The Guide Dogs for the Blind Association (the UK charity which trains assistance dogs for visually impaired people) is campaigning to raise the issue of the danger posed by electric cars to those with sight loss.
Electric vehicles make little noise which make them particularly dangerous to people who are visually impaired and rely on their hearing to get around safely.
While out for a walk with my guide dog, Trigger earlier today a lady began to stroke him while he was guiding me past a car which was, rather inconveniently parked on the pavement. I smiled and said,
“I don’t mind you stroking my dog, but please don’t do so while he is working as it could put both me and my dog in danger”.
The lady apologised and I continued on my way.
Unfortunately the above incident is far from being an isolated occurance. I have experienced people attempting to pet Trigger while in the midst of crossing a busy London road, which could have had disastrous consequences for both him and I.
As I said to the lady this morning, I have no objection to people stroking my guide dog. However the bottom line is to use common sense. By distracting a working guide dog the person responsible runs the risk of causing the animal to lose concentration. This could result in the owner becoming intimately acquainted with a lamp post or the bumper of a large lorry, not something which anyone wants to have on their conscience.
There is a good short piece on GDBA’s website on tips for approaching a guide dog owner. The golden rule, as set out in that piece is to always ask and not assume that speaking to or petting the dog is OK. As a guide dog owner I will, in most instances readily agree to a request to fuss Trigger. He works hard and deserves to be stroked, cuddled and generally loved. However, when working attention given to a guide dog can be highly dangerous so, please ask before approaching any assistance dogs.

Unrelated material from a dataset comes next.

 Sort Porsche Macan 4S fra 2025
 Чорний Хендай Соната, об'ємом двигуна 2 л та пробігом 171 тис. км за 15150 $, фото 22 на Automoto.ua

There is, some 5 minutes walk from my home a particularly busy side road. During the rush hour a stream of vehicles uses the road making it problematic for a sighted person (let alone a registered blind guide dog owner, such as myself to cross in safety). Guide dogs are taught to work in a straight line and to avoid obstructions. On reaching a down kerb the dog stops and waits for the owner’s instructions regarding when to cross. While guide dogs do have training on crossing roads it is (as one guide dog trainer explained it to me) rather like having a young child assist you to cross. The young child (we are talking about a 4-5-year-old here) will (if properly instructed by adults on road safety) have some conception of road safety, however one wouldn’t want to place one’s life in their hands when traversing busy traffick. Consequently guide dog owners should ask for help at busy roads only trusting to their dog’s abilities in the event that no help is available. Obviously the presence of zebra and pelican crossings mean that visually impaired people can cross in safety at such places, however the road I am talking about is neither of these. Having said all that, I am extremely lucky as my guide dog, Trigger is very cautious and has saved me on several occasions from walking out in front of oncoming vehicles which, along with his loveable personality makes us extremely close.
Many drivers, on seeing me and Trigger stop to let us cross. This is as it should be at zebra and pelican crossings. However in certain instances the helpfulness of drivers unintentionally puts Trigger and I at risk. For example, at the side road mentioned above, traffick comes from both left and right. I have often experienced drivers to the right of me stopping and beeping their horns or shouting “it’s safe to go mate”, only to have vehicles continuing to traverse the road from the left. What is extremely helpful in such situations is for a driver to stop his vehicle and if it is safe to do so leave it and assist me in crossing. This has happened several times but on many other occasions drivers have, I am sure scratched their heads in frustration as they wonder why that stupid blind guy with the brindle lab retriever isn’t responding to their helpful advice that it is safe to cross! The answer is, of course that said guy doesn’t particularly feel like decorating the wind screen of an oncoming vehicle as it comes in, at speed from the left! So if you encounter a guide dog owner while driving please don’t shout out of your vehicle that it safe to cross. I know you mean well and I do, genuinely appreciate your kindness, however you may, wholly unintentionally be putting me or other guide dog owners at risk. If it is safe to do so please do stop for a moment and assist me or the other guide dog owner across the road. You will be performing an invaluable service which will be greatly appreciated by me or which ever guide dog owner you assist.
This morning, as usual I took my guide dog, Trigger to the park in order that he might fertilise the vegetation, (there is a wooded area away from where children congregate so his business card causes no issues)!
On the way home Trigger stopped dead in his tracks as there was a large vehicle blocking a drive which I needed to cross in order to continue on my way. “The vehicle will move out into the road once there is a gap in the traffick” I thought. However several gaps came and went but it remained immovable. I began cursing silently wondering whether I might be able to judge a break in the traffick, step off the kerb and negociate the vehicle without running the risk of ending up decorating the paint work of some ppassing car with colourful red splodges! Fortunately a man came to my rescue and assisted me to bypass the vehicle,
“Some stu …”.
“We where unloading something, sorry” my saviour said.
Oops, I wonder if he caught the gist of what I was starting to say,
“Some stupid person has parked their vehicle so that its blocking the pavement”! A Victor Meldrew moment on my part!